OS has been a second home for me this past year and a half. I started writing here last January at my husband’s urging—he felt it would help me write more and provide a venue to express what I was going through with my sick Momma. I was very fearful when I first posted, didn’t think anyone would read my posts or people would hate them. But over the months, I met kind hearts and kindred souls who offered advice, support and well wishes. I even got to meet some of you in the flesh: fernsy in February, then a group of you at an Ides of March meet-up in NYC.
I think I would miss the secret TRUST of OS, the blind faith we have that those we communicate with and lay our words and hearts on the line for will offer a hand to lift us up when we’re spattered on the ground or give a pat on the back for an accomplishment. Being part of this community is like that trust game I played (and I’m sure many of you have too) at a religious retreat in high school when you are blindfolded and you wait for the group to catch you and not let you crash to the floor.

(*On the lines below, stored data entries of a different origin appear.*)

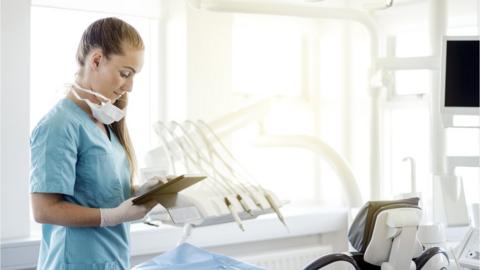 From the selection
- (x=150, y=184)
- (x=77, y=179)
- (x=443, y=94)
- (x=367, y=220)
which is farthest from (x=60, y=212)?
(x=443, y=94)

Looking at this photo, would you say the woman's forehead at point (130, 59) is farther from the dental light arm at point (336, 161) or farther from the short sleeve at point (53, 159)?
the dental light arm at point (336, 161)

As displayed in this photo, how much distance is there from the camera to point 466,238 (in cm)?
208

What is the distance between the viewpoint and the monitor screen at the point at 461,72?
212cm

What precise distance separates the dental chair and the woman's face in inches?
28.6

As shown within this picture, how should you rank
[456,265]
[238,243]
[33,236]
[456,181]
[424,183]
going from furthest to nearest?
[424,183] < [238,243] < [33,236] < [456,181] < [456,265]

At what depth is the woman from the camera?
155 centimetres

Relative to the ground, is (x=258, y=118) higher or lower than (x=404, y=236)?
Result: higher

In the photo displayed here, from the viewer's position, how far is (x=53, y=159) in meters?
1.55

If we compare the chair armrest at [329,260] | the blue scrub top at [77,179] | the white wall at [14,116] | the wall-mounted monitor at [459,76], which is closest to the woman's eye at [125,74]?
the blue scrub top at [77,179]

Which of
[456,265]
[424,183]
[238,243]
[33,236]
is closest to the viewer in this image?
[456,265]

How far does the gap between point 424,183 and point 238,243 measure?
1033mm

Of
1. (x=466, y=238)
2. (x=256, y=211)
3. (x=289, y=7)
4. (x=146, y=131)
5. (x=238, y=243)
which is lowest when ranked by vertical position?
(x=238, y=243)

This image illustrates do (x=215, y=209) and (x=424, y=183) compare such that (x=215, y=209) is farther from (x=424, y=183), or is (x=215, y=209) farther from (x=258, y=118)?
(x=424, y=183)

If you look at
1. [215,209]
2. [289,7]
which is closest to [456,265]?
[215,209] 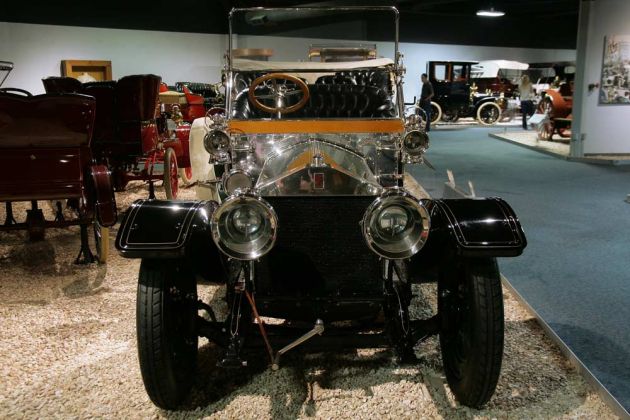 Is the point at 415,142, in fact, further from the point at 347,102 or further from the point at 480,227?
the point at 480,227

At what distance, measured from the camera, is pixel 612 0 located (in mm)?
7980

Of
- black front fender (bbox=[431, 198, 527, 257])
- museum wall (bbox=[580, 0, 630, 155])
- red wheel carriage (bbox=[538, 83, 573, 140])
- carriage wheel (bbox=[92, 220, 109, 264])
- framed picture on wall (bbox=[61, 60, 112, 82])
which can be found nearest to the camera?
black front fender (bbox=[431, 198, 527, 257])

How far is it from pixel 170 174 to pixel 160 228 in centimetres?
375

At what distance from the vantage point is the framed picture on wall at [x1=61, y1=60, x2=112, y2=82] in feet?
33.4

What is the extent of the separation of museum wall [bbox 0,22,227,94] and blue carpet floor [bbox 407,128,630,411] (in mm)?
6093

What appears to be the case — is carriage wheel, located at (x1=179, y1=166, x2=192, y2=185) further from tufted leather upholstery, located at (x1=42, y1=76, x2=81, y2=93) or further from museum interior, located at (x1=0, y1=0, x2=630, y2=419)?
tufted leather upholstery, located at (x1=42, y1=76, x2=81, y2=93)

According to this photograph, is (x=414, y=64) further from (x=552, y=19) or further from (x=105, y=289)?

I got a call from the nursing home yesterday that my Mom had fallen out of her wheelchair again and had a cut above her right eyebrow. She was being transported to the hospital for suturing and whatever else was needed. I expected to see her with a tiny cut above her eye today but instead saw her curled in bed with a huge red, not black and blue, eye. It was alarming. Looked like someone had socked her in the eye. I spoke to Thomas, the nurse on duty, and he said the doctor had seen her today and the swelling should go down in a couple weeks. The broken blood vessels around the eye caused the redness. And as my husband pointed out, she probably didn’t shield her eyes with her hands when she fell. A kind of free-fall.
I have witnessed her trying to propel herself out of the wheelchair on many occasions, and always ask, “Where are you going, Mom?”
“I don’t know,” she usually says. Trying to get away from something or trying to walk again? I don’t know what’s in her damaged brain. No one is there to catch her when she falls.
Mom and I watched clips of the old Judy Garland Show on PBS. One of the best moments was a duet between Judy and Barbra Streisand singing a medley of “Get Happy / Happy Days Are Here Again.”
Thank you for catching me before I fall.